Inorganic-organic hybrids derived from lamellar acidic kenyaite immobilizations for cation removal at the solid/liquid interface

Synthesized crystalline sodium lamellar kenyaite exchanges the original cation on the surface to yield silanol groups when exposed to hydrochloric acid solution. The silanol groups successfully favour the formation of covalent bonds with the silylating agents 3-aminopropyltriethoxysilane, N-propyldiethylenetrimethoxysilane and bis[3-(triethoxysilyl)propyl] tetrasulfide, after expanding the interlayer distance with polar organic solvents such as dimethyl sulfoxide (DMSO) and N,N-dimethylformamide (DMF). These new organofunctionalized nanomaterials were characterized by elemental analysis, infrared spectroscopy, X-ray diffraction, carbon and silicon nuclear magnetic resonance in the solid state, surface analysis, porosity, thermogravimetry, electronic scanning and transmission electron microscopies.

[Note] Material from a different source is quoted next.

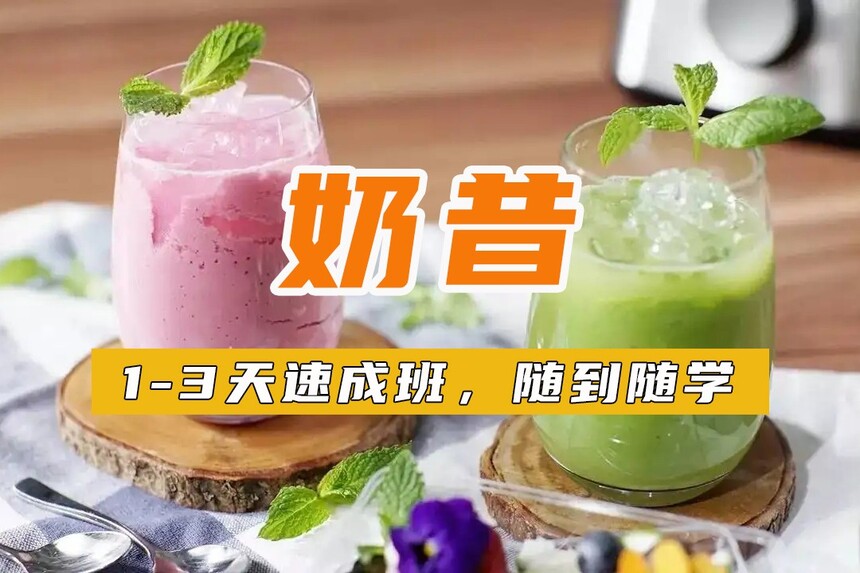 ѵļҺ ѵǮ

The amounts of sililyating agents incorporated into the nanospace were 0.60 +/- 0.02, 0.90 +/- 0.04 and 0.96 +/- 0.01 mmol g(-1), by expanding the interlayer distance of 1633 pm for the original polysilicate to 1933, 1847 and 1828 pm for the sequence of anchored nanocompounds. Nuclear magnetic resonance for C-13 and Si-29 nuclei confirmed the covalent attachment of the organosilyl groups inside the inorganic layered structures, as shown by carbon chemical shifts of the pendant organic chains, with distinguishable (3)Q and (4)Q species, followed by (2) T and T-3 species that correspond to the carbon to silicon bond originating from the precursor silylating agents covalently incorporated in the acidic kenyaite structure. These three new synthesized nanomaterials have the ability to remove divalent cations from aqueous solution. The adsorption isotherms were adjusted using a modified Langmuir equation, whose values enable calculation of the equilibrium constants and negative Gibbs free energies. The favourable values corroborate with the cation/basic centre interaction at the solid/liquid interface in a spontaneous process for these three new nanomaterials.